Mentre ringraziavo questo genitore per un atto che a lui e a sua moglie sarà parso naturale, mi è tornata, nitida nella testa, la notizia che avevo appena sentito in radio, tornando dalla montagna con l’aria calda in auto: Iman, la bimba di un anno e mezzo, morta assiderata tra le braccia del suo papà, sconfitto nell’estremo tentativo di salvarla dal gelo di un campo profughi in Siria. Le organizzazioni umanitarie parlano di milioni di bambini a rischio, scappati dalle loro case, dalle scuole, dalle città sotto assedio di una guerra della quale si parla sempre meno ed ora costretti a superare un inverno che lì è ancora rigido, senza ripari maggiori di tende e coperte. Ho pensato al video di Nawal (quanto coraggio ha quella giovane donna!) insieme ai suoi piccoli amici incontrati lungo la rotta balcanica, intenta a farli giocare e ballare, nonostante anche lì la notte diventi sempre più fredda e buia.
Il mio amico Giancarlo Chirico che dedica ogni giorno a ribadire l’importanza dei sogni e dei pensieri dei bambini per il futuro di tutti, ha riportato una frase di Gianni Rodari: “un bambino, ogni bambino, bisognerebbe accettarlo come un fatto nuovo, con il quale il mondo ricomincia ogni volta da capo.”

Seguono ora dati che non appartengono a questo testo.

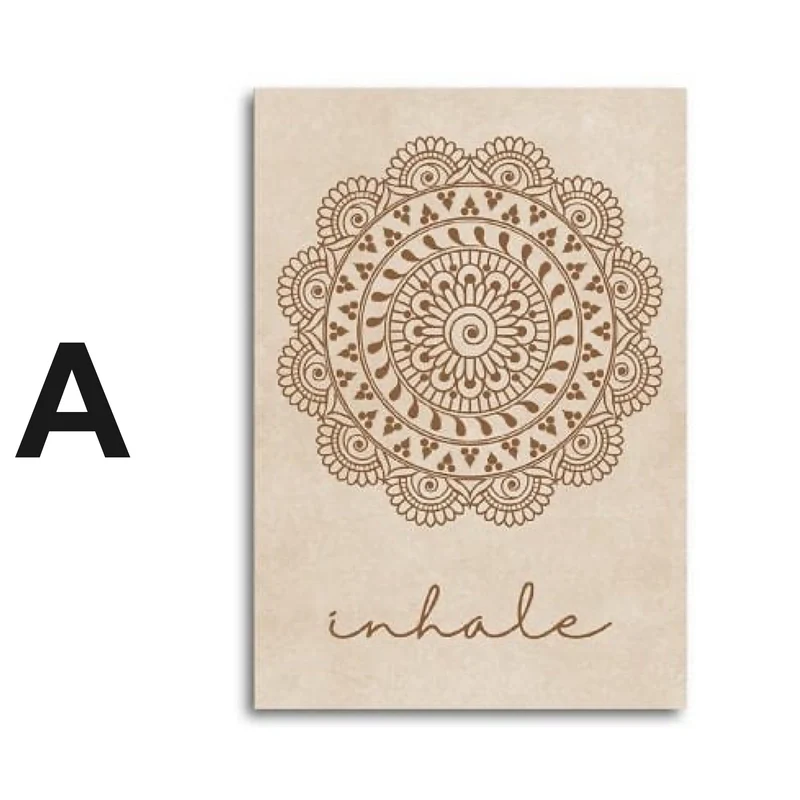 Poster Yoga Einatmen Ausatmen Mandala · Wohnzimmer Bilder · Schlafzimmer Bilder · Wand Deko Print · ohne Rahmen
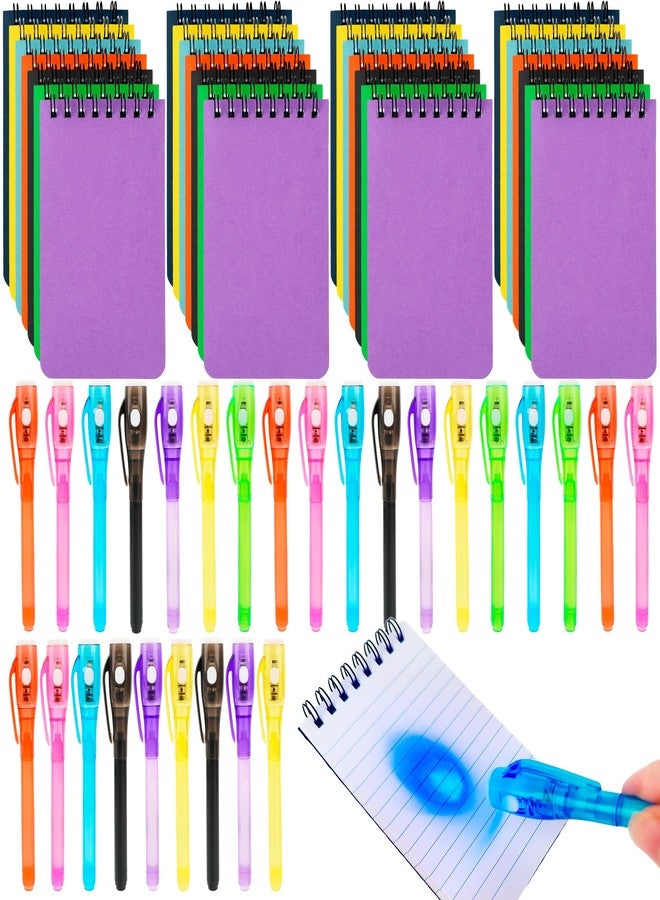 Flahard 56 Pcs Secret Party Favors Includes 28 Invisible Ink Pen with UV Light and 28 Mini Spiral Notebook for Girls Boys Secret Scape Room Party Favors Goodie Bag Birthday Gifts - Image 1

Chiusi nei nostri spazi di sicurezza, disattenti anche alla bellezza dei nostri figli, stiamo perdendo troppi frammenti di suoni, di accordi, di una musica che rischia di cessare e di non ricominciare. Quando anche l’ultima lacrima si rifiuterà di far rumore, non ci salverà il silenzio. Il mio grazie va allora ancora più forte a chi come i genitori di E. ha deciso che bisognasse reagire e salvare la melodia unica e armoniosa così prorompente dagli occhi di quel figlio che deve diventare presto italiano, a tutti gli effetti, per far sentire il nostro paese meno sordo e inutile.
Tra dieci giorni ci sarà il secondo appuntamento dei laboratori: la felicità non deve far dimenticare la sofferenza, ma renderci più determinati ad affrontarla. La musica dei bambini ci spinga a farla risuonare senza confini.